Quel giorno, lo stesso tra l’altro nel quale due anni prima ad Idlib l’intera leadership di Ahrar al Sham era stata azzerata da una autobomba, Abu Omar era impegnato in una importante riunione operativa nella quale si registrava l’assenza del solo al Julani. L’attentato quindi è stato preparato con grande cura e si è certamente avvalso di informazioni provenienti da insiders di ottimo livello. Dopo l’annuncio di Abu al Saeed, portavoce olandese di Jabhat Fath, dell’arresto di un soggetto ritenuto colpevole della spiata, si è sparsa la voce che questi appartenesse a Liwa Mutassim. Si tratta di un gruppo che gravita nella galassia del Free Syrian Army ed è addestrato da turchi ed americani, i quali offrono anche la copertura aerea per le loro sortite.
Il dato interessante è che ad Agosto si era avuta notizia, confermata dalla leadership, di colloqui per un passaggio sotto l’ala protettrice russa, il che avvalorerebbe comunque l'ipotesi di un loro coinvolgimento. Gli Stati Uniti, che hanno smentito un loro intervento diretto o anche indiretto, ufficialmente non potevano trovarsi in quell’area perché non occupata da Daesh. Potrebbero comunque avere fornito supporto, anche se pare più probabile che se ne siano fatti carico russi e siriani. Ben consapevoli delle conseguenze i Liwa al Mutassem hanno emesso un comunicato di smentita negando ogni responsabilità.

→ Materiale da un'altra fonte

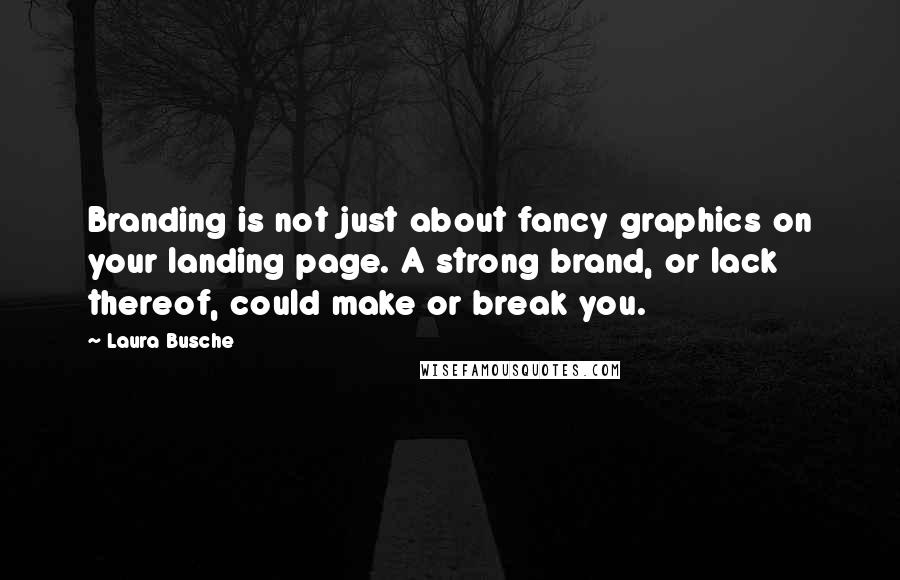 Laura Busche Quotes: Branding is not just about fancy graphics on your landing page. A strong brand, or lack thereof, could make or break you.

Il problema della successione di Abu Omar Saraqeb ruota attorno a una questione molto importante. L’insoddisfazione, che si registra ancora in alcuni circoli di al Nusra, circa la separazione da al Qaeda e quindi la volontà di al Julani di cambiare registro per proporsi come braccio militare di un governo alternativo a quello di Assad, ma soprattutto il volere tenere fede alla sua battaglia di stampo siriano, che non ha nulla a che vedere con la guerra contro l’occidente portata avanti da al Zawahiri. Per realizzare i suoi piani, deve mantenere un giusto bilanciamento tra la componente siriana e quella straniera. La scelta dovrebbe cadere su Abu Muslim al Shami, che inizialmente era stato dato per morto nello stesso attentato, ma successivamente, da foto fatte circolare dal suo letto di convalescenza, parrebbe essere abbastanza vivo, se così si può dire.
L’apporto esterno rimane comunque garantito dalla guida spirituale di Sheikh al Uraydi, sapiente giordano che catalizza l’attenzione dei foreign fighters di quell’area. Mentre lo stesso Abu al Saeed sarebbe un abile reclutatore di olandesi.
Ad al Julani rimane l’arduo compito di spingere la compagine dei ribelli a farsi forza di stato.
La separazione da al Qaeda e la ferma convinzione che l’occidente non è il nemico e quindi chi combatte al fianco di Jabhat Fath non ha motivo di attaccarlo, sono un punto a nostro favore perché evita attentati su suolo occidentale.


Update

Altro pezzo grosso ucciso a Badya, Aleppo, con un esplosivo piantato nell'auto.
Abu Hammam al Askari.
A questo punto, più che di insider che passano informazioni, pare essersi aperta una vera e propria guerra interna.